■ **Required work**
Give back exactly the lines of the data below, starting with the line that has "Eclair cream on a wooden plates" and going on through the line that has "Close-up of coffee cup on table".
━━━ Data records ━━━
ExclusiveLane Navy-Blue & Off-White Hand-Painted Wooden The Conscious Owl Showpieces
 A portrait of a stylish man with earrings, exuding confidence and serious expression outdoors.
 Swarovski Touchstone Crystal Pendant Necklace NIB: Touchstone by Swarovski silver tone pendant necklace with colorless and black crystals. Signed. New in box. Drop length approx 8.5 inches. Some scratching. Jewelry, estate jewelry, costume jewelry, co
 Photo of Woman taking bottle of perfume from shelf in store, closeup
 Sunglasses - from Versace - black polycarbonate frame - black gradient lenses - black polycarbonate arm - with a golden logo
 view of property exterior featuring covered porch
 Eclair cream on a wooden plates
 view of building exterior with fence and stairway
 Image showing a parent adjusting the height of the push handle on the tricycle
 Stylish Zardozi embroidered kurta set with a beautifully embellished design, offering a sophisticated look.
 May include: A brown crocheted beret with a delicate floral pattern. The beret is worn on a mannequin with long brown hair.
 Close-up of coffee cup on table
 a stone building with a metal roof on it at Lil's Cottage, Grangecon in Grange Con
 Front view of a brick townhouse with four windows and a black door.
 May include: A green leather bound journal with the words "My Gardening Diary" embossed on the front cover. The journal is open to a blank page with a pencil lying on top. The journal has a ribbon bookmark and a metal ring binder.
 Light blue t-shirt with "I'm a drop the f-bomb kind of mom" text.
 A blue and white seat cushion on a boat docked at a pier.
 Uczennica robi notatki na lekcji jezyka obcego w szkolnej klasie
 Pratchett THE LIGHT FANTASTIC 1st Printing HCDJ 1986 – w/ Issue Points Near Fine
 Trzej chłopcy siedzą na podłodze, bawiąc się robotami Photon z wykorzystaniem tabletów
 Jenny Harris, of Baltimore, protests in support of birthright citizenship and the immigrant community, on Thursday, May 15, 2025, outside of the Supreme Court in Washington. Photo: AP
━━━
■ **Answer below**
 Eclair cream on a wooden plates
 view of building exterior with fence and stairway
 Image showing a parent adjusting the height of the push handle on the tricycle
 Stylish Zardozi embroidered kurta set with a beautifully embellished design, offering a sophisticated look.
 May include: A brown crocheted beret with a delicate floral pattern. The beret is worn on a mannequin with long brown hair.
 Close-up of coffee cup on table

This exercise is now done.